When someone opens my jar up I am opening a file selector gui so they can choose where they want to store their jar's files like config files and such. This should only take place the first time they open the jar. However, one issue with this approach is that I would have no way to know if it's their first time opening the jar since I will need to save the selected path somewhere. The best solution to this sounds like saving the selected path inside a file in the resource folder which is what I am having issues with. Reading and writing to this resource file will only need to be done when the program is actually running. These read and write operations need to work for packaged jar files (I use maven) and in the IDE.

I am able to read a resources file inside of the IDE and then save that file to the designated location specified in the file selector by doing this. However, I have not been able to do the same from a jar despite trying multiple other approaches from other threads.

        ClassLoader classloader = Thread.currentThread().getContextClassLoader();
        InputStream is = classloader.getResourceAsStream("config.yml");
        try {
            if(is != null) {
                Files.copy(is, testFile.toPath(), StandardCopyOption.REPLACE_EXISTING);
                is.close();
            }
        } catch (IOException e) {
            e.printStackTrace();
        }

So just to clarify when my project is loaded I need to listen for the user to select a valid path for files like my config. Then I want to write my config to that path which I can do from my IDE and is shown above but I cant figure this out when I compile my project into a jar file since I always receive a file not found error in my cmd. However, the main point of this post is so that I can figure out how to save that selected path to my resource folder to a file (it can be json, yml or whatever u like). In the code above I was able to read a file but I have no idea how to go from that to get the files path since then reading and writing to it would be trivial. Also keep in mind I need to be able to read and write to a resource folder from both my IDE and from a compiled jar.

The following code shows my attempt at reading a resource from a compiled jar. When I added a print statement above name.startWith(path) I generated a massive list of classes that reference config.yml but I am not sure which one I need. I assume it has to be one of the paths relating to my project or possible the META-INF or META-INF/MANIFEST.MF path. Either way how am I able to copy the file or copy the contents of the file?

  final String path = "resources/config.yml";
  final File jarFile = new File(getClass().getProtectionDomain().getCodeSource().getLocation().getPath());

    if(jarFile.isFile()) {  // Run with JAR file
        try {
            final JarFile jar = new JarFile(jarFile);
            final Enumeration<JarEntry> entries = jar.entries(); //gives ALL entries in jar
            while(entries.hasMoreElements()) {
                final String name = entries.nextElement().getName();
                if (name.startsWith(path)) { //filter according to the path
                    System.out.println(name);
                }
            }
            jar.close();
        } catch (IOException exception) {
            exception.printStackTrace();
        }
    }

Also if you were wondering I got the above code from the following post and my first block of code I pasted above is actually in the else statement since the IDE code from that post also did not work. How can I access a folder inside of a resource folder from inside my jar File?

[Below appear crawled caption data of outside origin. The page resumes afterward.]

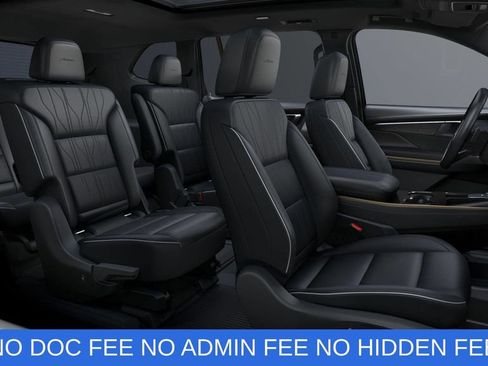New 2025 Buick Enclave Avenir w/ Super Cruise Package AWD/4WD image 35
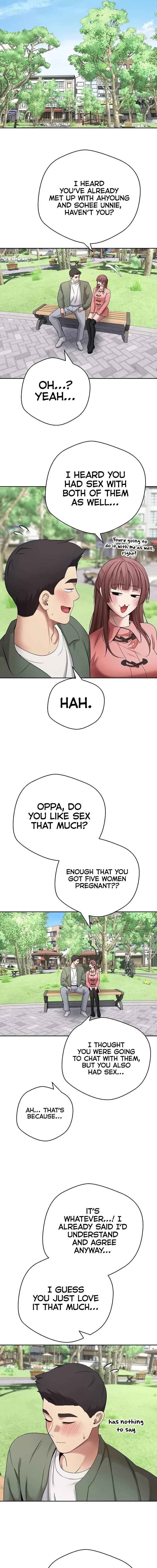 Turning My Life Around With Crypto Chapter 67 Page 3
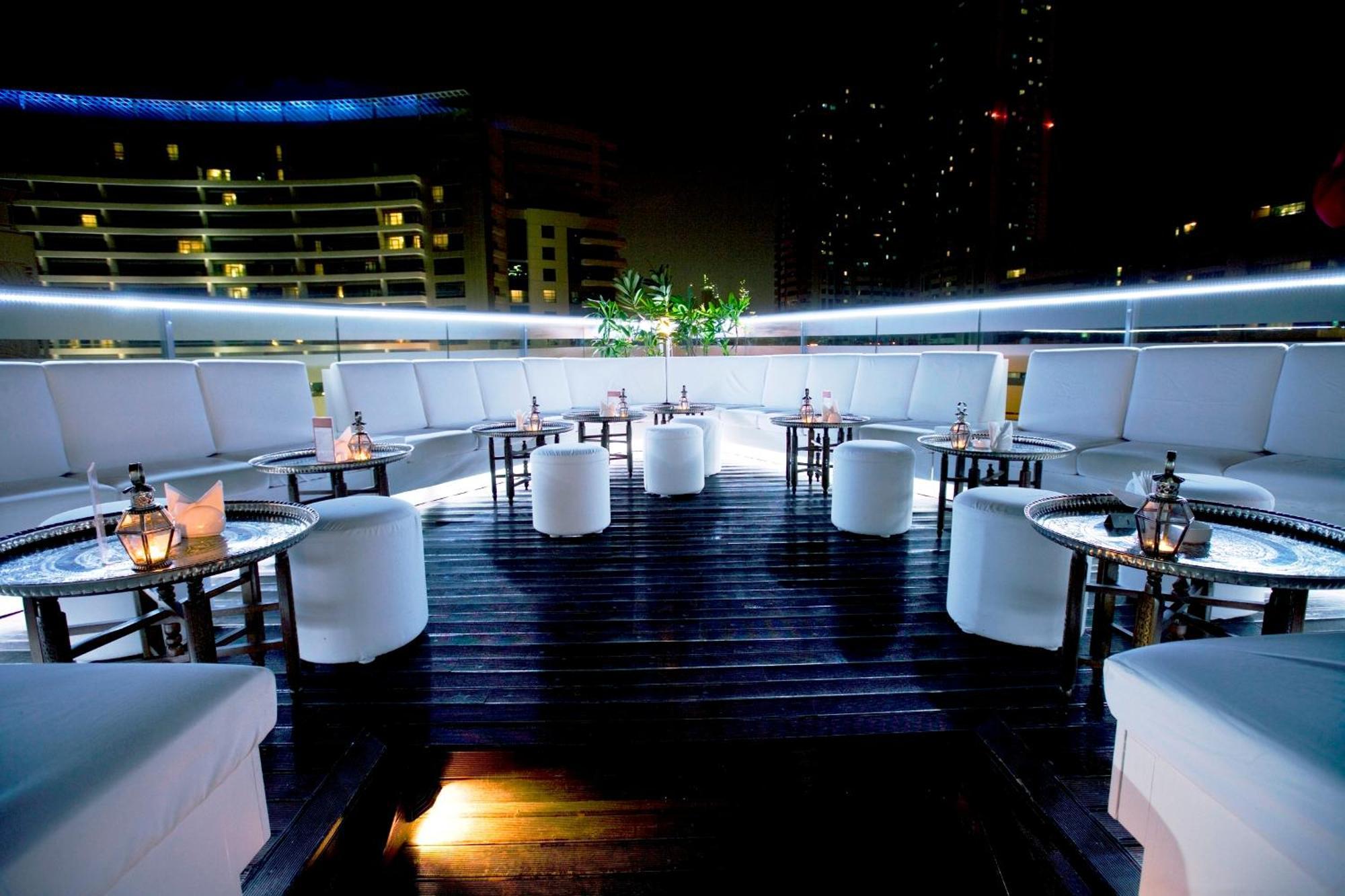 Social Hotel Dubaj Exteriér fotografie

CodePudding user response：

You can't write to files inside your JAR file, because they aren't actually files, they are ZIP entries.

The easiest way to store configuration for a Java application is to use Preferences:

Preferences prefs = Preferences.userNodeForPackage(MyApp.class);

Now all you have to do is use any of the get methods to read, and put methods to write.

CodePudding user response：

There is absolutely no need to write files into your resource folder inside a jar. All you need to have is a smart classloader structure. Either there is a classloader that allows changing jars (how difficult is that to implement?), or you just setup a classpath that contains an empty directory before listing all the involved jars.

As soon as you want to change a resource, just store a file in that directory. When loading the resource next time, it will be searched on the classpath and the first match is returned - in that case your changed file.

Now it could be that your application needs to be started with that modified classpath, and on top of that it needs to be aware which directory was placed first. You could still setup that classloader structure within a launcher application, which then transfers control to the real application loaded via the newly defined classloader.

CodePudding user response：

You could also check on application startup whether a directory such as ${user.home}/${application_name}/data exists.

If not, create it by extracting a predefined zip into this location. Then just run your application which would load/write all the data in this directory.

No need to read/write to the classpath. No need to include 3rd party APIs. And modifying this initial data set would just mean to distribute a new zip to be extracted from.